_Data in this exercise:_

---+---

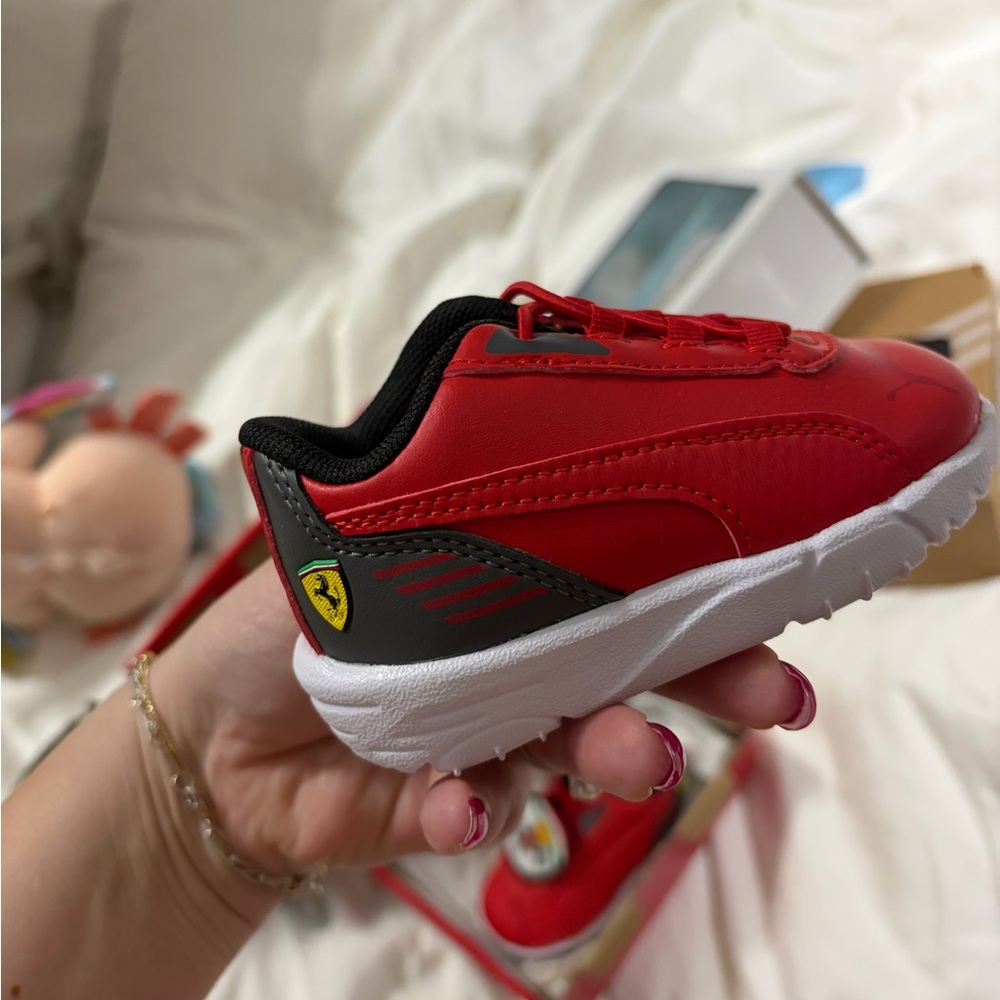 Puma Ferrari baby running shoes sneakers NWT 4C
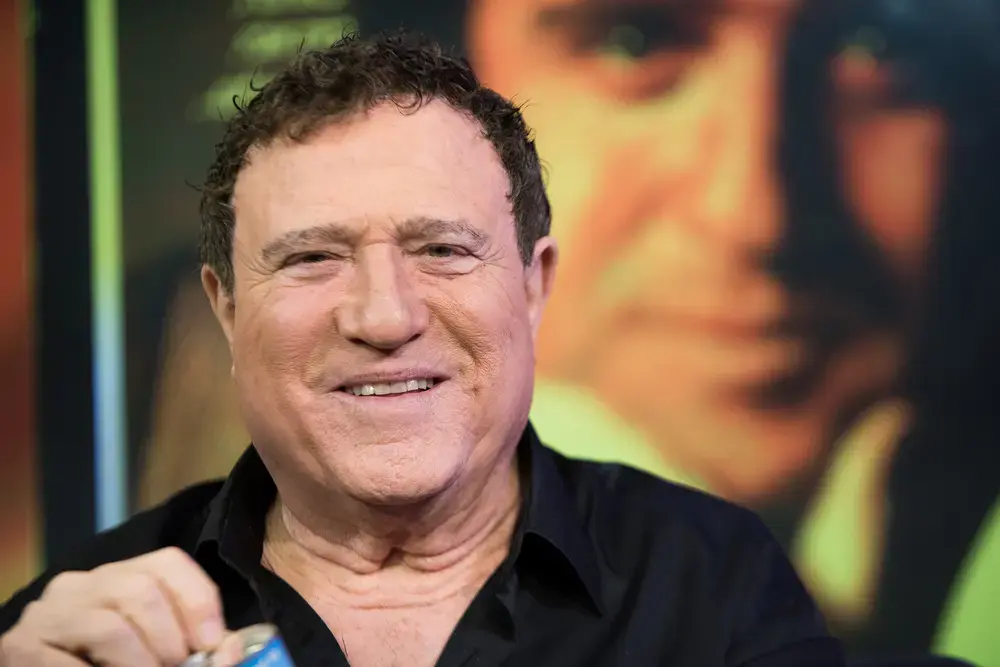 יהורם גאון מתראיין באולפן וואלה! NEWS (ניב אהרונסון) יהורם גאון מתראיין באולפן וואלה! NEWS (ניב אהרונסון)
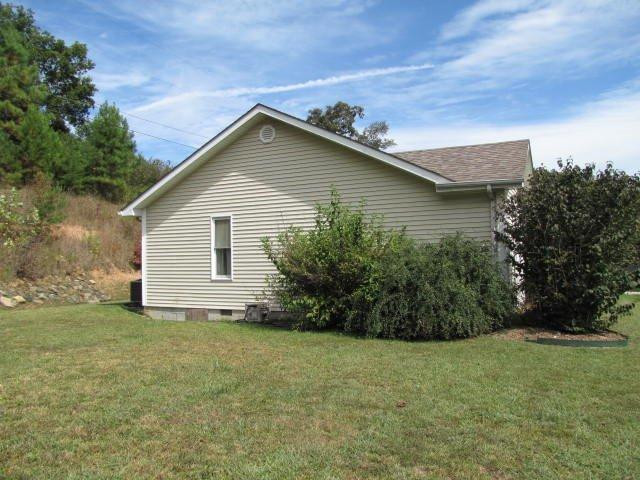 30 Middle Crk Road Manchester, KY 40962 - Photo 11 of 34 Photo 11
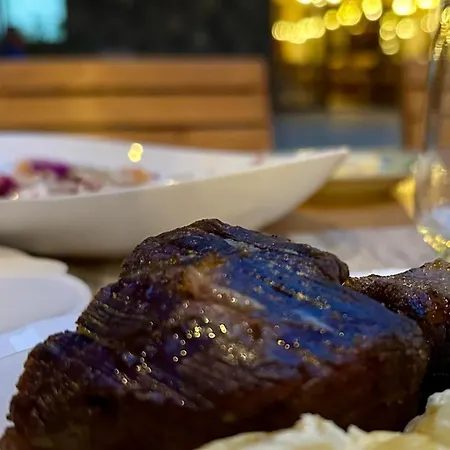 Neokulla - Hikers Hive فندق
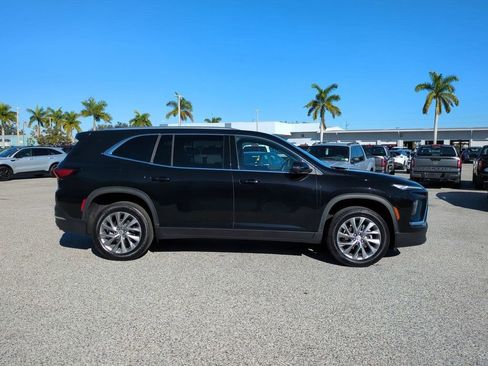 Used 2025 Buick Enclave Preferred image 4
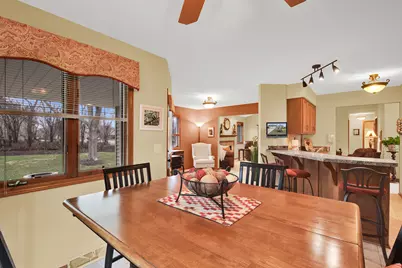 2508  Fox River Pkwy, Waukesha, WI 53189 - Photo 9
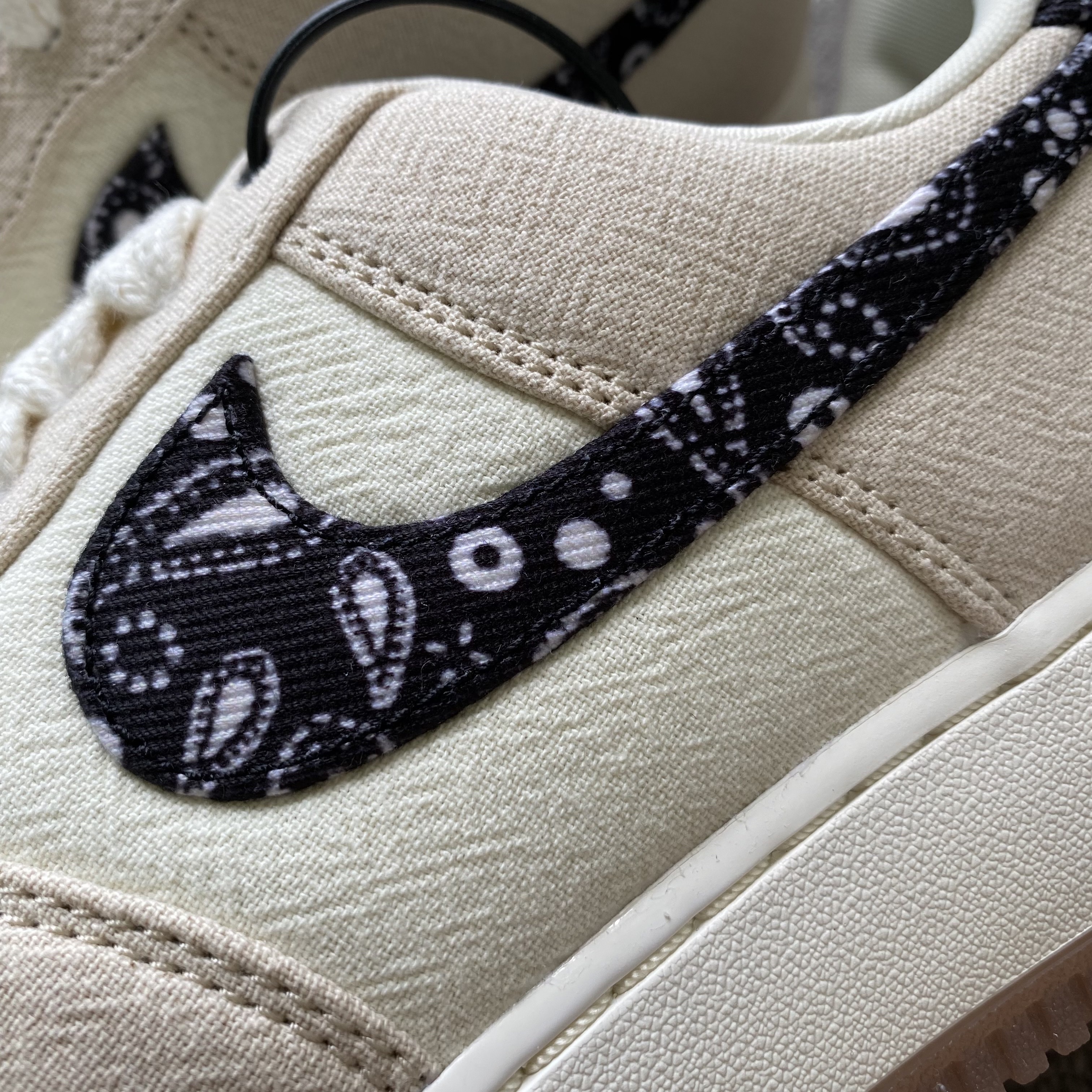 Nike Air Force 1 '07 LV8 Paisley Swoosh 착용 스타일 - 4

---+---

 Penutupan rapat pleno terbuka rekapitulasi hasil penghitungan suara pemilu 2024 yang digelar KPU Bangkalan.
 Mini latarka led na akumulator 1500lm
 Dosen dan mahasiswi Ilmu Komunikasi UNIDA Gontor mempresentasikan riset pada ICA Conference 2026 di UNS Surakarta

---+---

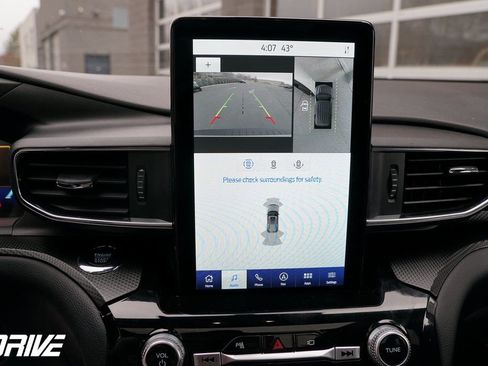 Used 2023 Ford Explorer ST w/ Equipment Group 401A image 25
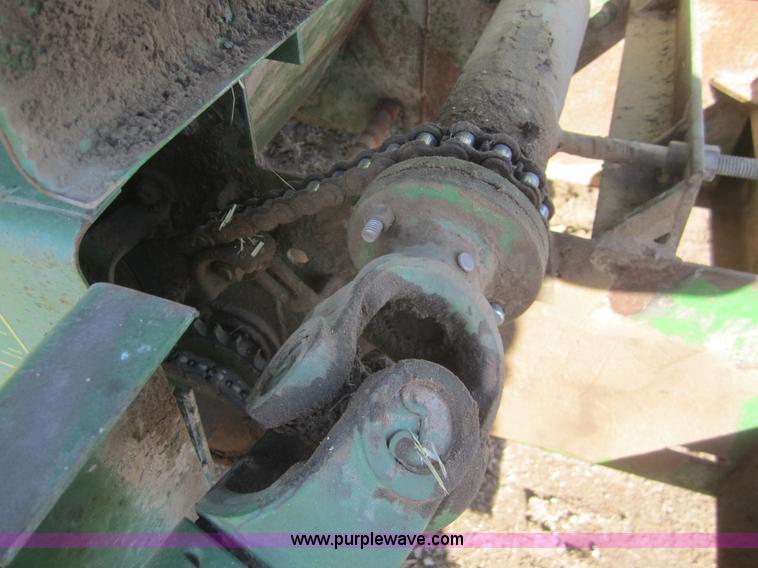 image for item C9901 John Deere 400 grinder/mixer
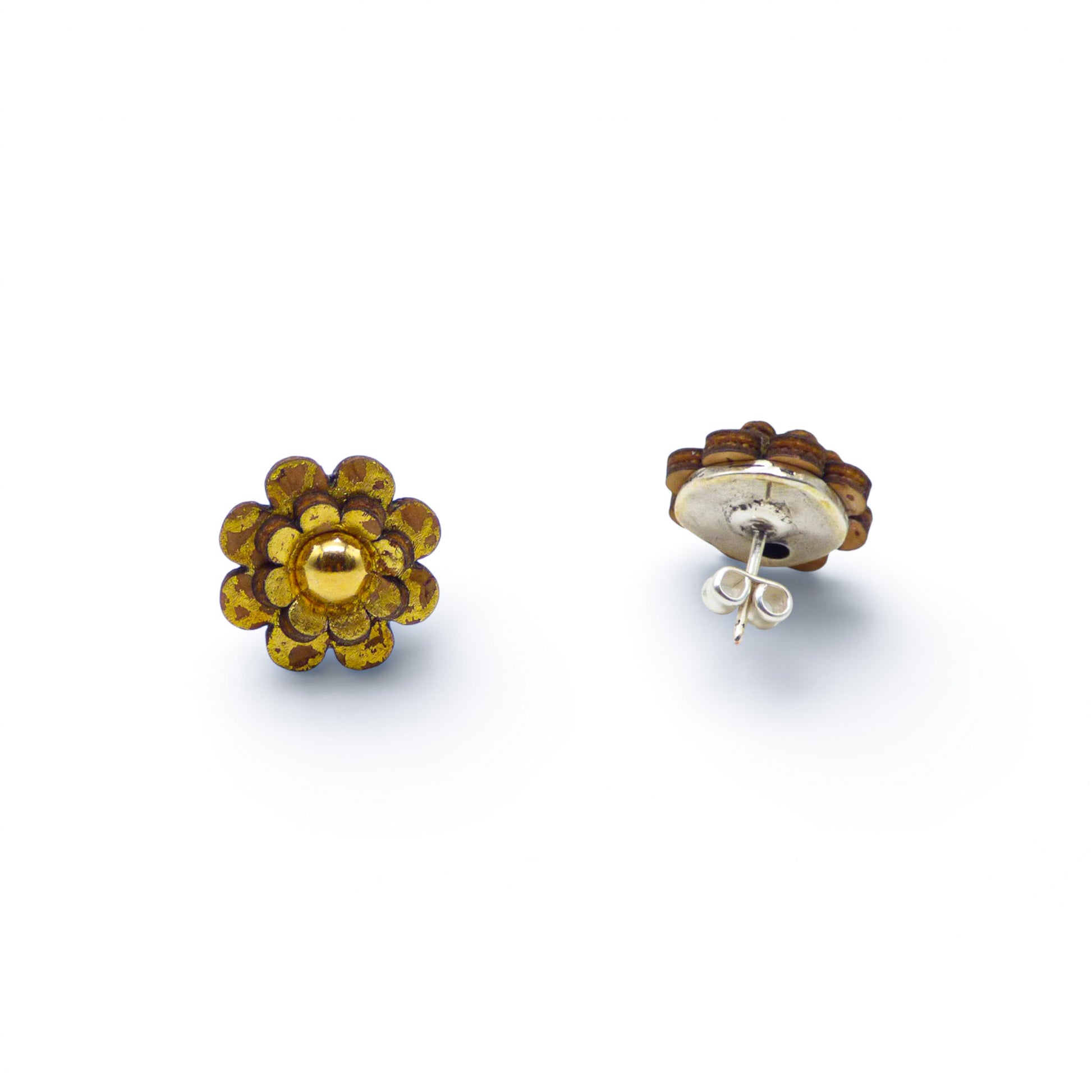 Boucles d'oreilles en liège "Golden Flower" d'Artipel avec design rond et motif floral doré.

---+---

_What you should do:_ From the data above, return only the lines starting at the line that holds "53189 - Photo 9" and ending at the line that holds "Nike Air Force", word for word and without pictures.

_Answer box:_
 2508  Fox River Pkwy, Waukesha, WI 53189 - Photo 9
 Nike Air Force 1 '07 LV8 Paisley Swoosh 착용 스타일 - 4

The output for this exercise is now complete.